The IASB’s proposed changes to two standards dealing with financial instruments likely contributed to the missed deadline as well. In June 2002, the IASB issued an exposure draft to revise IAS 32, Financial Instruments: Disclosure and Presentation, and IAS 39, Financial Instruments: Recognition and Measurement, as part of an improvements program. The exposure draft proposed changes to the guidance on financial instruments, the most significant and controversial of which related to the derivative and hedging provisions of IAS 39. Specifically, it proposed allowing special hedge accounting for portfolio hedges of interest-rate risk. These hedges, also known as macro-hedges, concern a collection of assets, liabilities, or overall net of the two. The IASB’s proposal produced a strong reaction, particularly in the EU.

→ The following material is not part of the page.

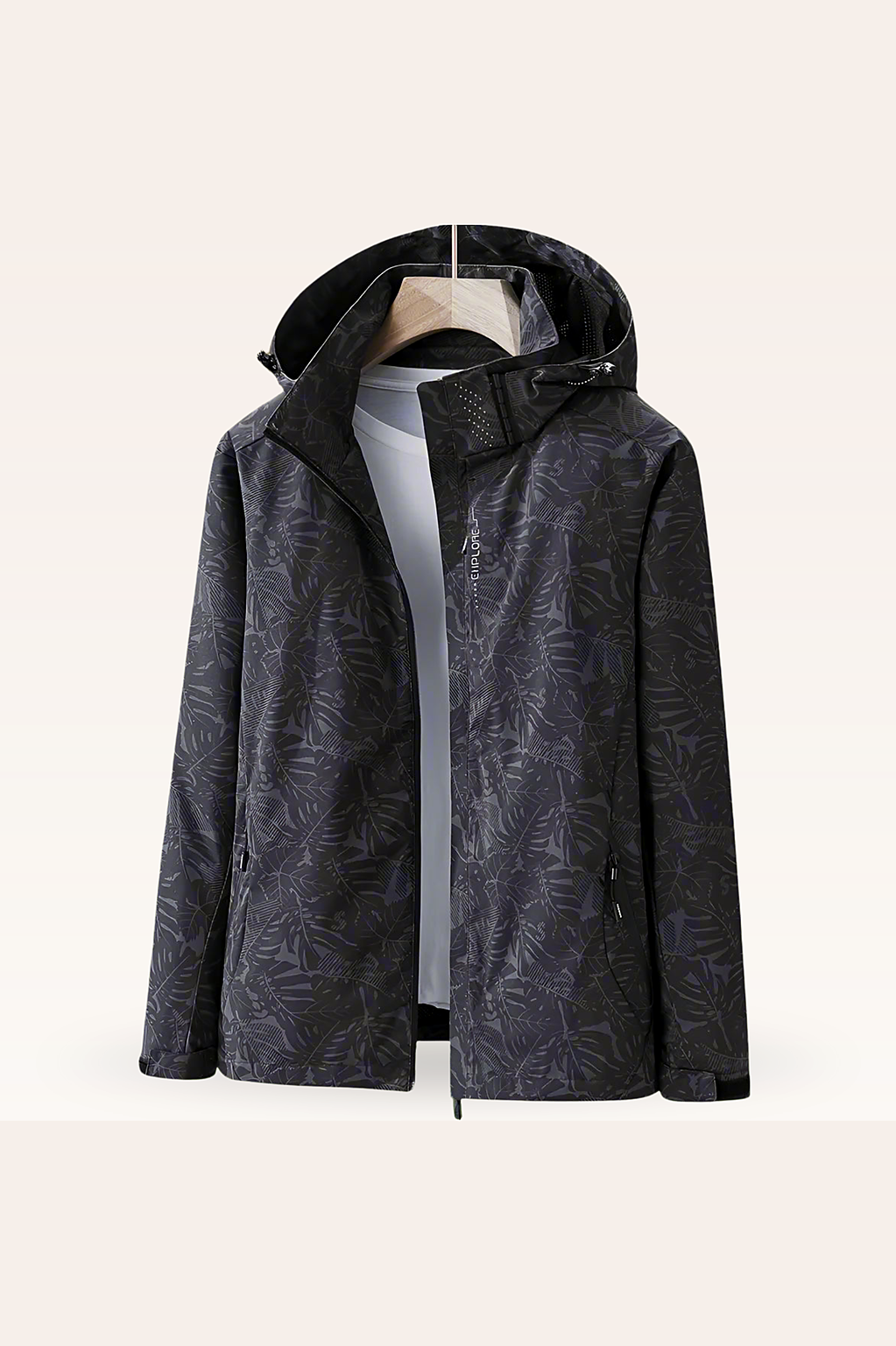 NALISE | Veste imperméable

EFRAG sent a comment letter to the IASB in October 2002 expressing its concerns with the proposed changes to hedge accounting requirements. The letter conveyed its view that the accounting for a hedge should follow from the accounting for the hedged item. For hedged items such as receivables and financial liabilities that are accounted for at amortized cost, accounting for the related hedging instrument at fair value creates a mismatching of accounting measurements and, as a result, artificial volatility in a company’s equity or net income. The letter also conveyed EFRAG’s concerns with the application of fair-value hedge accounting as proposed in the exposure draft. When a hedged item is settled prior to maturity, and the related hedging instrument remains, the hedge is considered ineffective, which disqualifies special hedge accounting. Furthermore, the exposure draft required companies to identify specific items in a portfolio being hedged and to mark them individually to fair value, tasks that would be cumbersome for a large portfolio.

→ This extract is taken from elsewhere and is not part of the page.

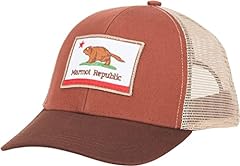 Marmot trucker cap for sale  Delivered anywhere in UK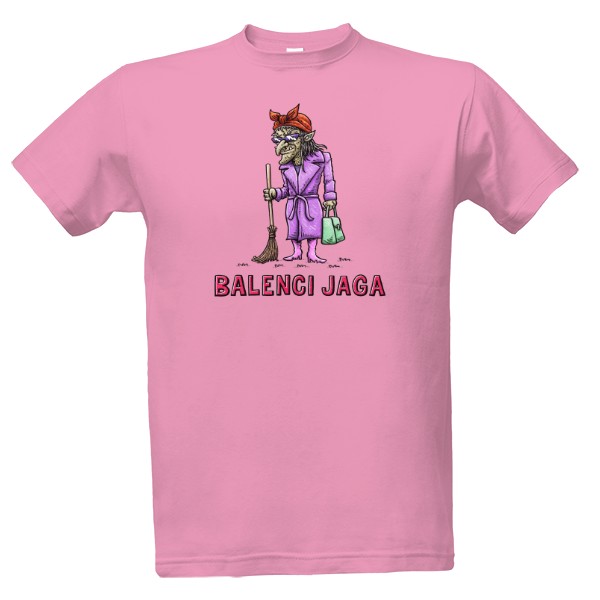 T-shirt Nový produkt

Five member states (Belgium, France, Italy, Portugal, and Spain) expressed strong opposition to IAS 39 and to the proposed changes in the exposure draft. French president Jacques Chirac joined the debate by requesting a meeting of ECOFIN to discuss how to pressure the IASB into eliminating the fair-value reporting requirements for financial instruments altogether. At the July 2003 ECOFIN meeting, Chirac stated that adopting IASs 32 and 39 would be harmful to EU banks and national economies, and he called for the EU to drop the two standards from its endorsement review. ECOFIN announced that it might recommend delaying adoption of IASs 32 and 39. When ARC met the following day, it unanimously recommended adopting the existing IASs, except for IASs 32 and 39, and three related SICs.

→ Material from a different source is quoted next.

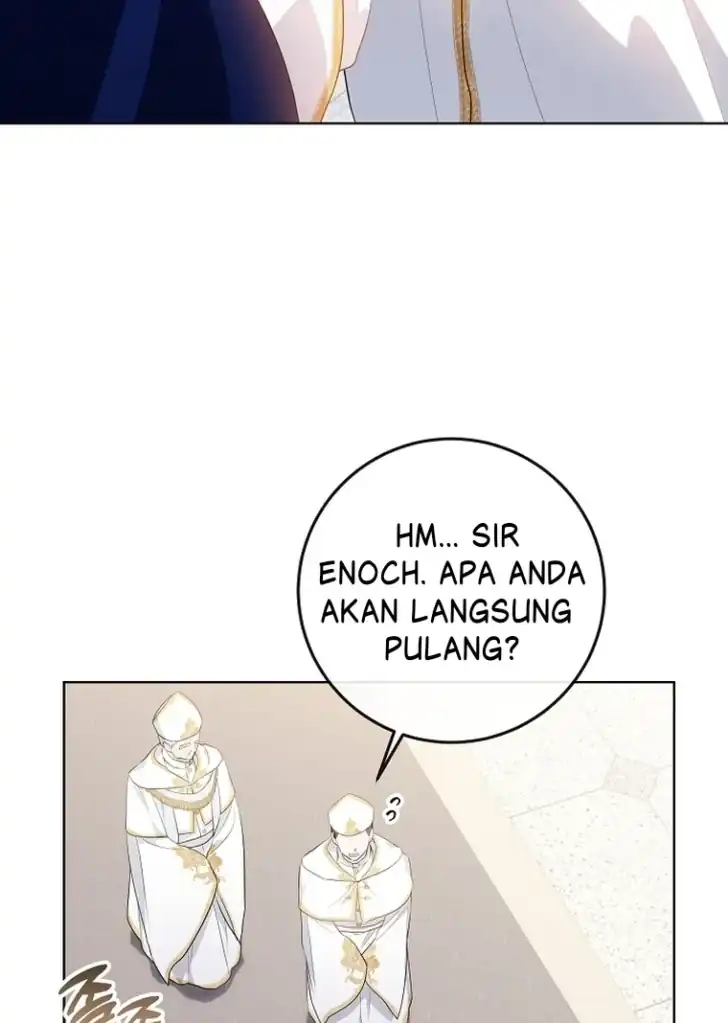 My Daddy Hid His Power Chapter 5 - halaman 108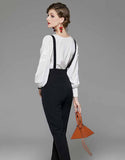 Retro Strap Two-Piece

In September 2003, the EC issued a regulation requiring adoption of the 32 IASs and 28 SICs approved by ARC. The EU hoped to work with the IASB to produce new versions of the standards on financial instruments that could be approved by the EU’s endorsement mechanism. With input from the EU, the IASB issued an amended version of IAS 32 in December 2003. The revised standard added guidance on netting of assets and liabilities and on classification of redeemable preferred stock, compound financial instruments, and derivatives based on an entity’s own shares. EFRAG and ARC endorsed the amended IAS 32, and the EC adopted it in December 2004; EU companies were required to apply it beginning in 2005. In sharp contrast to the relatively smooth revision and adoption process for IAS 32, the EU’s consideration of IAS 39 has proved far more contentious, particularly concerning macro-hedging and the fair-value option.

IAS 39 macro-hedging controversy. EU banks objected to the form of the special hedge accounting proposed in the IASB’s June 2002 exposure draft for macro-hedges of interest-rate risk. Banks frequently use macro-hedges to neutralize the interest-rate risk on their variable-rate demand deposit liabilities (DDL). The exposure draft proposed cash-flow hedge accounting for these hedges, which banks opposed because they believe it creates artificial volatility in their reported equity.

Exhibit 3 presents an example of cash-flow hedge accounting for a bank’s macro-hedge of interest-rate risk. Banks frequently employ interest-rate swaps to hedge the interest-rate exposure associated with their variable-rate DDLs. With cash-flow hedge accounting, a bank revalues the interest-rate swap to fair value at reporting dates, and reports the change in fair value each period directly in equity. In contrast, the hedged item (portfolio of DDLs) is not revalued each period. Rather, the DDLs are reported at their nominal value (sum of customers’ account balances).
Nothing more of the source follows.